TheWashington Post reached out to more than 1000 local Tea Party groups; the results of that canvass were published in late October, revealing less a movement than "a disparate band of vaguely connected gatherings that do surprisingly little to engage in the political process."
At the eleventh hour on Sunday, October 31, Chellie Pingree sent out an e-mail to her mailing list: "[P]lease give my campaign just a few hours to help turn out Democratic voters and stop the Tea Party from taking over here in Maine," it read, echoing a message that Democrats repeated nationwide over the last few months of the election season. ("We will not let our state be destroyed by the Tea Party," Mitchell said at a late-September rally with Bill Clinton. "There's too much at stake.")
But Mainers who identify as Tea Partiers contended that regardless of the results of this election, the Tea Party is here to stay. "What happens on November third" — the day after Election Day — "is most important," said Maine Tea Party press secretary Arthur Langley at a sparsely attended Monument Square press conference on October 28.
The event was called to point out that legitimate Tea Party groups don't associate with specific candidates — even if the candidate wants to associate with the Tea Party.
"Just because a particular candidate might say they're Tea Party doesn't make it so," said Pete "the Carpenter" Harring, a Standish resident, founder of the Maine Tea Party (formerly known as Maine ReFounders), and vice-chair of another Tea Party organization in the state — the Maine Patriots.
"Chellie Pingree has been claiming that a victory over Dean Scontras would be a victory over the Tea Party movement," Harring said. "I'd like to take this minute to let everybody know that the Tea Party as a whole does not endorse candidates at all.

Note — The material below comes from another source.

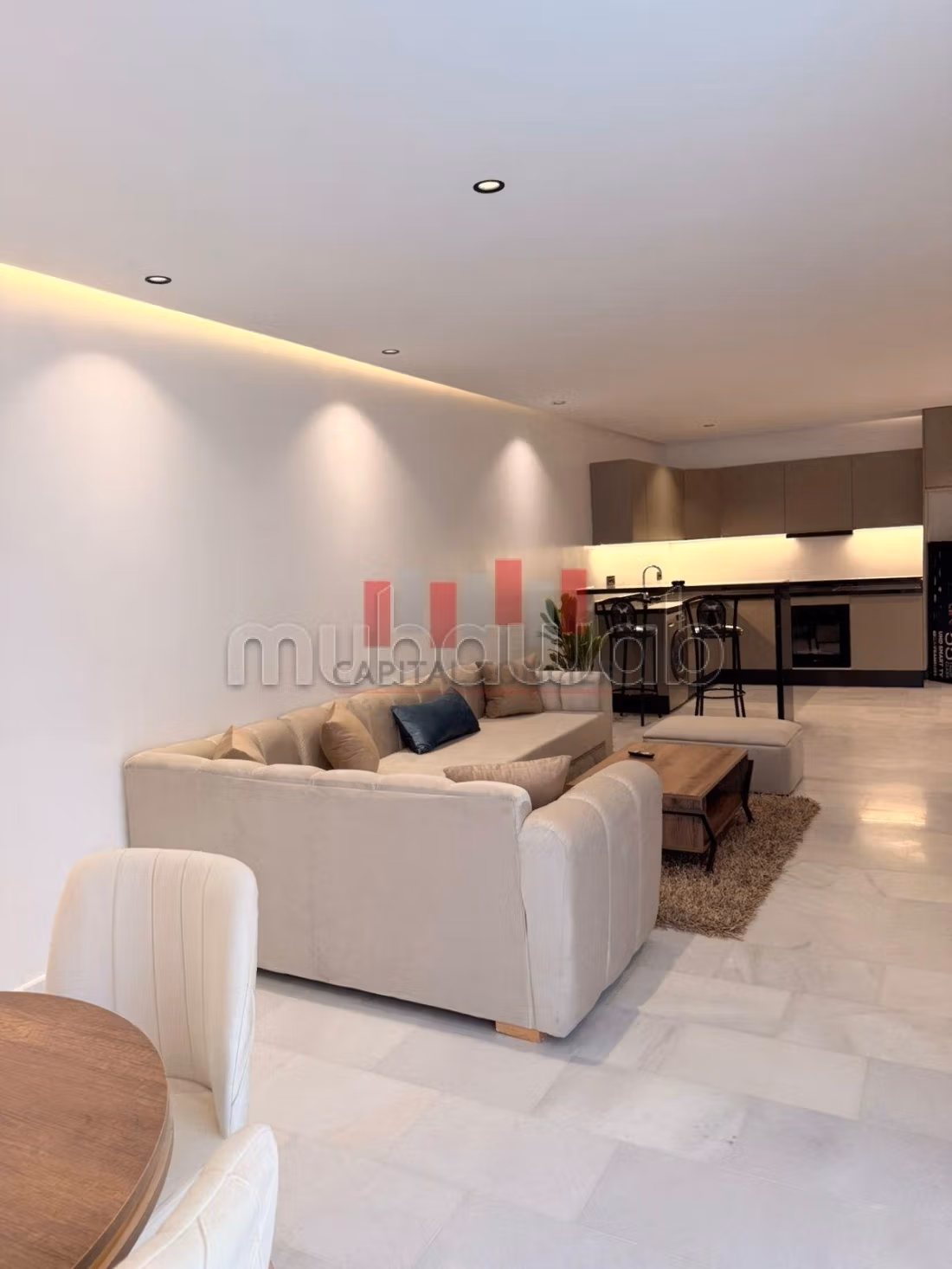 Bel appartement en location à Les princesses.
1 belle chambre.
Bien meublé — 5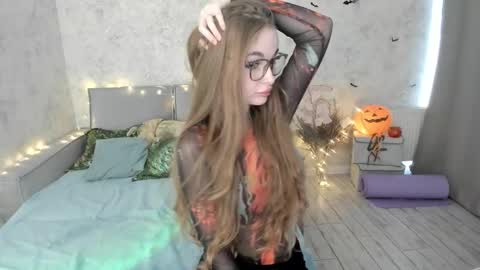 Lissa online show from October 13, 8:39 am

We try to remain neutral and educate the public as much as we possibly can."
The day after the Monument Square event, a fledgling group at the University of Southern Maine, the Campus Conservatives, held a small "Tea Party Rally" indoors with several current and future candidates (including Republican Scott D'Amboise, who will challenge Olympia Snowe in 2012 because she's too moderate). While they discussed the upcoming elections, the group's primary focus is on "raising money to put more American flags on campus," says president April O'Leary, a senior business major. Currently, there is only one flag on the Gorham campus, she says, "and quite frankly I find that appalling."